Nulla di quanto si può leggere in quelle chat è condivisibile. Ma non è importante: non era condiviso. Era un fatto privato, che non costituisce reato. E fintanto che non esiste un controllo morale diffuso che sanzioni le brutture caratteriali lasciate a briglia sciolta nel calduccio delle nostre chat private, restiamo liberi da una cultura del controllo che pretende il politicamente corretto anche fuori dalla scena pubblica. Purché, ovviamente, si tratti di avversari.

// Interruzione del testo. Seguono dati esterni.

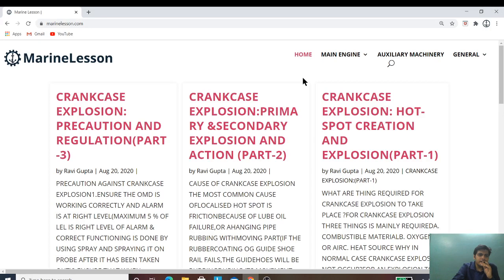Hello friends, welcome to Marine Engineering Hub. Today Marine Engineering Hub want to announce that we are launching a new website known as MarineLation.com.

C’è qualcosa di profondamente sbagliato nel dire che diffondere conversazioni private serva a “spiegare il contesto”. È una scusa. Quelle chat non raccontano il contesto: recidono la vita delle persone. Assomiglia a una vendetta, che spalanca la porta al processo mediatico, come sempre in largo anticipo su quello vero. Lo si evoca, il processo, parlando - come fatto da alcuni giornali - di “Tribunale social”, una definizione utile per descrivere il presunto metodo d’azione delle donne oggi indagate.

Ma è curioso: la stessa definizione viene usata da testate che applicano — in questo caso — lo stesso identico metodo per processare mediaticamente le indagate (e gli altri a cui tocca la stessa sorte). E se un giorno dovessero risultare innocenti — succede, anche quando le accuse sembrano solidissime — cosa resterà della loro reputazione? Chi cancellerà le frasi rilanciate mille volte, gli screenshot salvati, i titoli urlati? Il loro identikit tracciato da sconosciuti? E se invece fossero colpevoli, questa pena accessoria — l’esposizione, la ridicolizzazione, la condanna permanente dell’opinione pubblica, la riduzione della vita a un francobollo di parole estirpato dal resto — sarà mai proporzionata alla colpa?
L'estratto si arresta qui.